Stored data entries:
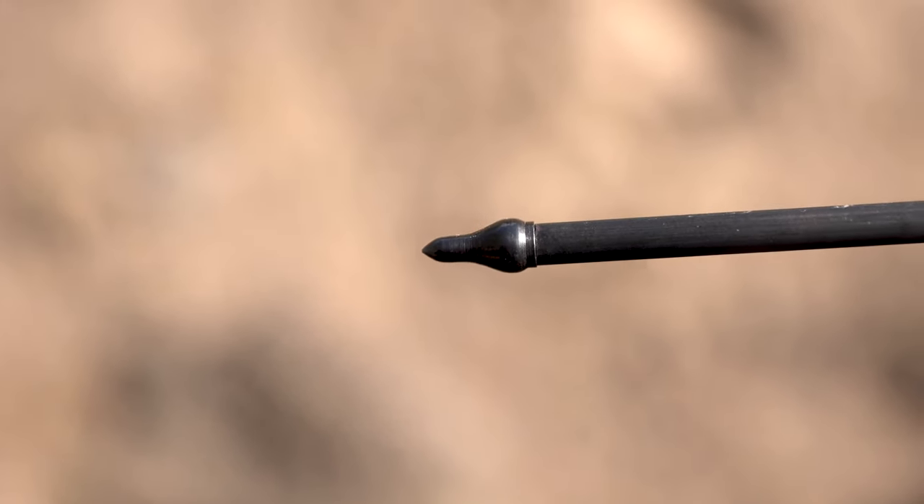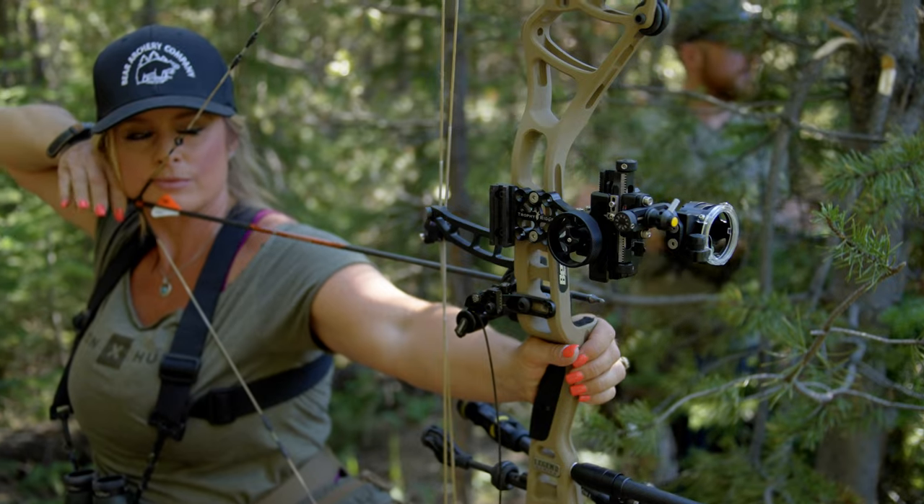They're available in 100 and 125 grain weights in multiple diameters to fit your arrows, and sold in packs of 12. So you guys are going to want to go to your local retailer or get online and shop for Ramcat's Easy Outfield Points.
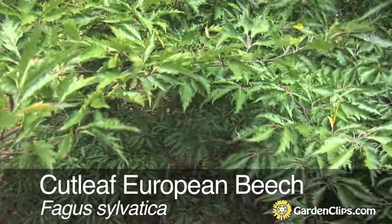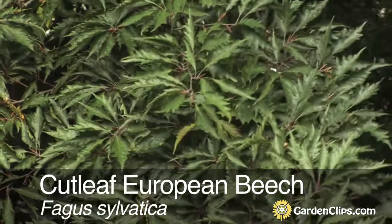Fagus sylvatica. This is the cutleaf European beech.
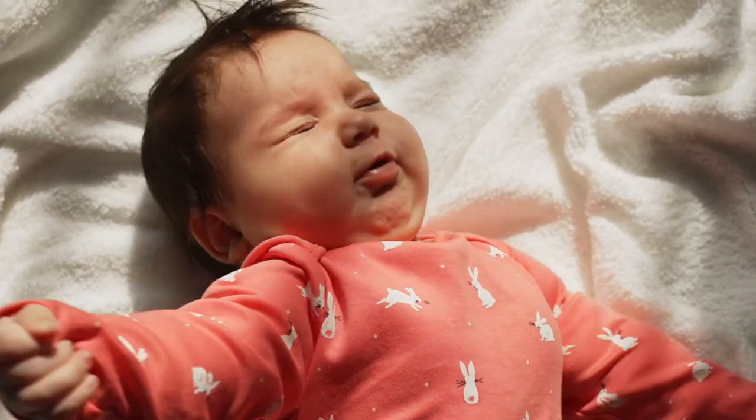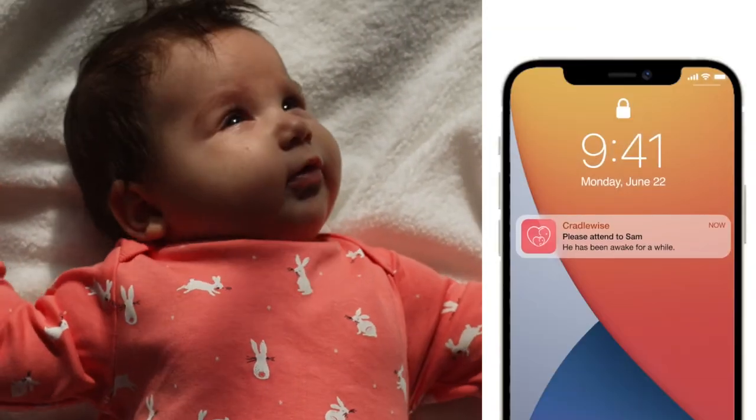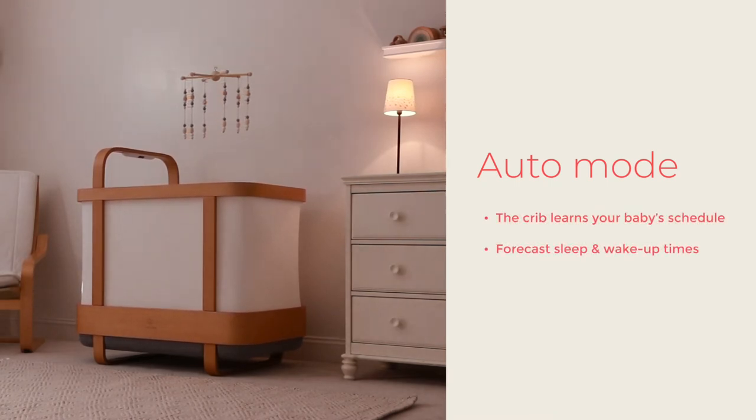If they don't fall asleep, your crib will stop bouncing after 30 minutes and notify you that your baby needs attention. While auto mode is on, the crib is also learning about your baby's schedule and helps you forecast sleep and wake-up times.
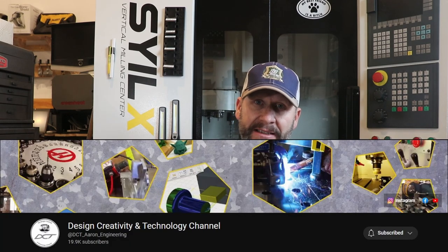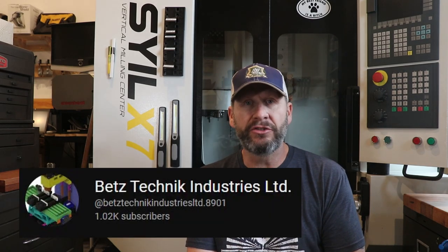In 2019 I started watching a gentleman named Aaron — Aaron, design, creativity, and tech — and started getting inspired. I was introduced into the world of CNC and just amazed at all of the things that you could invent, prototype, create, and use for yourself or others. There's another channel, Betts Technique Industries, a gentleman up in Canada — I believe his first name is Pete, Peter — an absolutely intelligent machinist who inspired me. They both had one thing in common: they both had Syil X7 mills. Peter had the Siemens 808D controller, Aaron has an LNC controller. That's kind of how I got started.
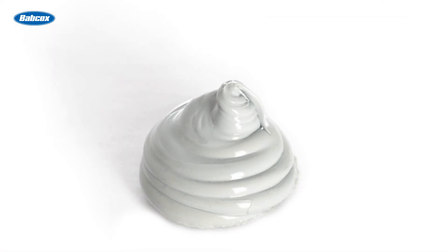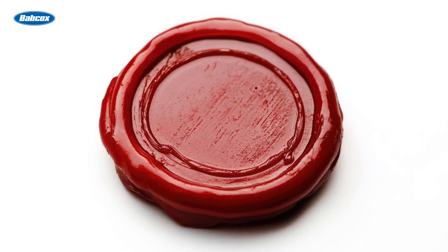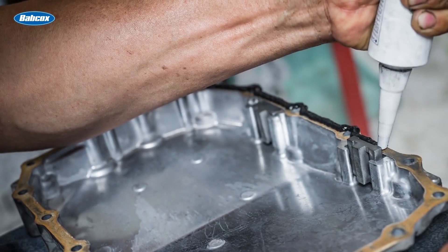Gray RTV has a higher density and is more vibration resistant. There are also high temperature formulations for high heat applications — red products tend to be for higher heat applications. Black is used for sealing and/or bonding gaskets like oil pans or transmission pans.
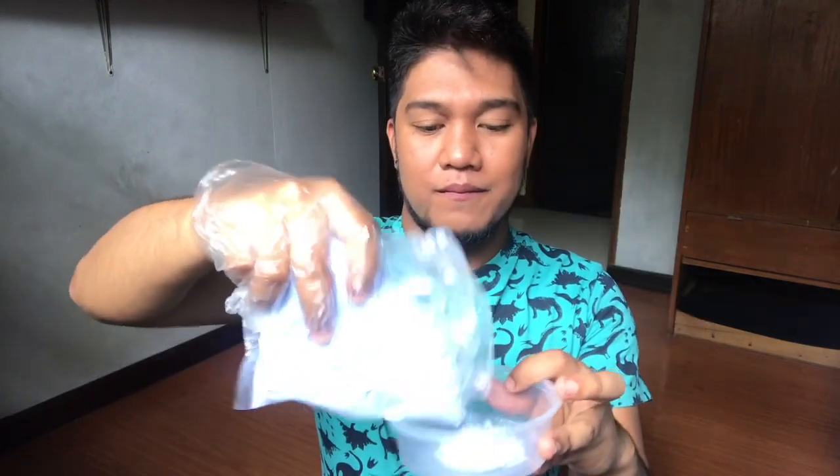Nakapagsod na ako ng gloves. Imimix lang natin ang ating bleaching powder, pati na rin ang ating oxidizing cream. By the way guys, may iba't ibang percentage pala ang oxidizing cream. So kung gusto nyo mas mapabilis yung bleaching ng buhok, I highly suggest na 12% yung gamitin nyo — kasi 12% yung ginagamit ko ngayon para mas mabilis mag-transform yung hair natin. Sobrang dark na hair ko ngayon.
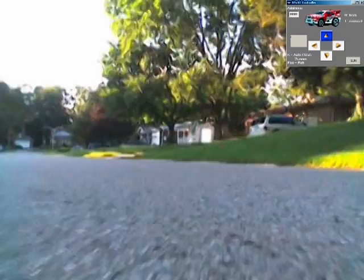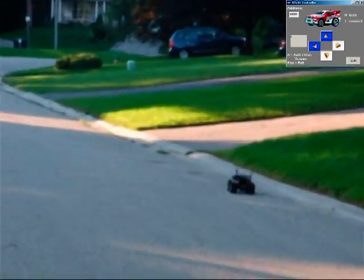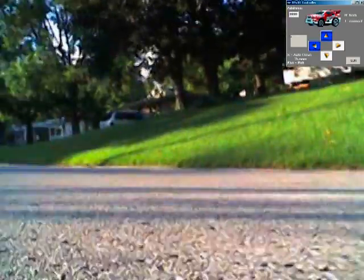Today we're demonstrating the Wi-Fi Robot. It's a remote control car with a wireless router mounted on top. The car can connect to any wireless access point and be driven over the internet, or you can connect with any standard Wi-Fi enabled laptop and drive it from up to 500 meters away.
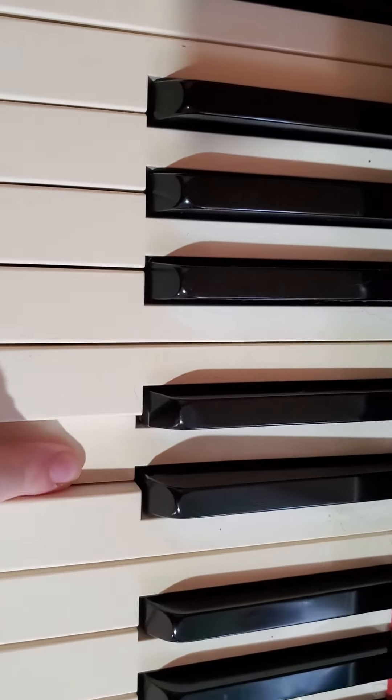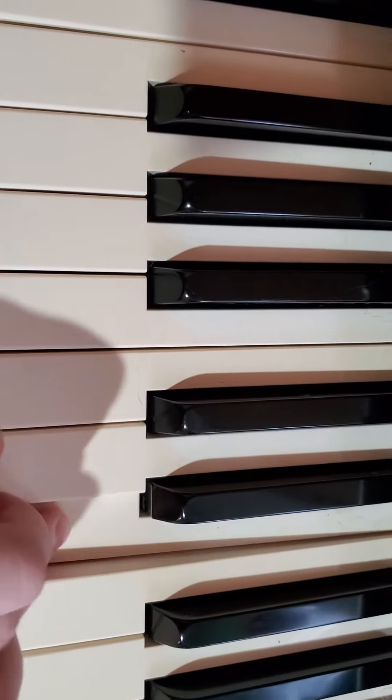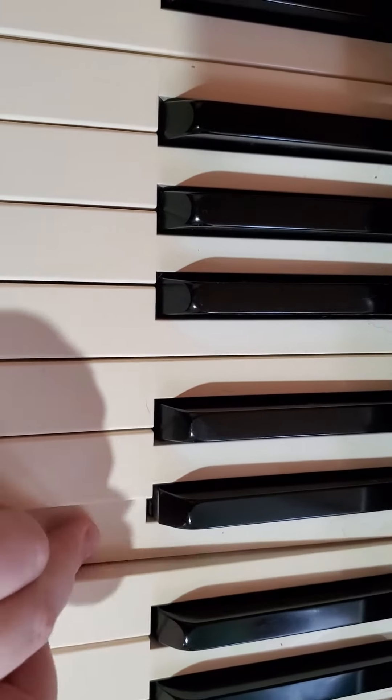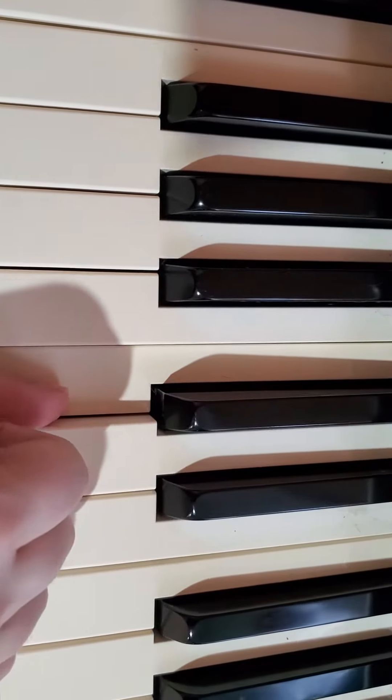Now the hard part, the middle: D, D, D, E, C, E, F, D, F, then E, C. That's your hard part, the E, C.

■ WORK TO BE COMPLETED:
Reproduce each entry precisely; the pictures stay out.

■ RESPONSE TO THE TASK:
They're available in 100 and 125 grain weights in multiple diameters to fit your arrows, and sold in packs of 12. So you guys are going to want to go to your local retailer or get online and shop for Ramcat's Easy Outfield Points.
Fagus sylvatica. This is the cutleaf European beech.
If they don't fall asleep, your crib will stop bouncing after 30 minutes and notify you that your baby needs attention. While auto mode is on, the crib is also learning about your baby's schedule and helps you forecast sleep and wake-up times.
In 2019 I started watching a gentleman named Aaron — Aaron, design, creativity, and tech — and started getting inspired. I was introduced into the world of CNC and just amazed at all of the things that you could invent, prototype, create, and use for yourself or others. There's another channel, Betts Technique Industries, a gentleman up in Canada — I believe his first name is Pete, Peter — an absolutely intelligent machinist who inspired me. They both had one thing in common: they both had Syil X7 mills. Peter had the Siemens 808D controller, Aaron has an LNC controller. That's kind of how I got started.
Gray RTV has a higher density and is more vibration resistant. There are also high temperature formulations for high heat applications — red products tend to be for higher heat applications. Black is used for sealing and/or bonding gaskets like oil pans or transmission pans.
Nakapagsod na ako ng gloves. Imimix lang natin ang ating bleaching powder, pati na rin ang ating oxidizing cream. By the way guys, may iba't ibang percentage pala ang oxidizing cream. So kung gusto nyo mas mapabilis yung bleaching ng buhok, I highly suggest na 12% yung gamitin nyo — kasi 12% yung ginagamit ko ngayon para mas mabilis mag-transform yung hair natin. Sobrang dark na hair ko ngayon.
Today we're demonstrating the Wi-Fi Robot. It's a remote control car with a wireless router mounted on top. The car can connect to any wireless access point and be driven over the internet, or you can connect with any standard Wi-Fi enabled laptop and drive it from up to 500 meters away.
Now the hard part, the middle: D, D, D, E, C, E, F, D, F, then E, C. That's your hard part, the E, C.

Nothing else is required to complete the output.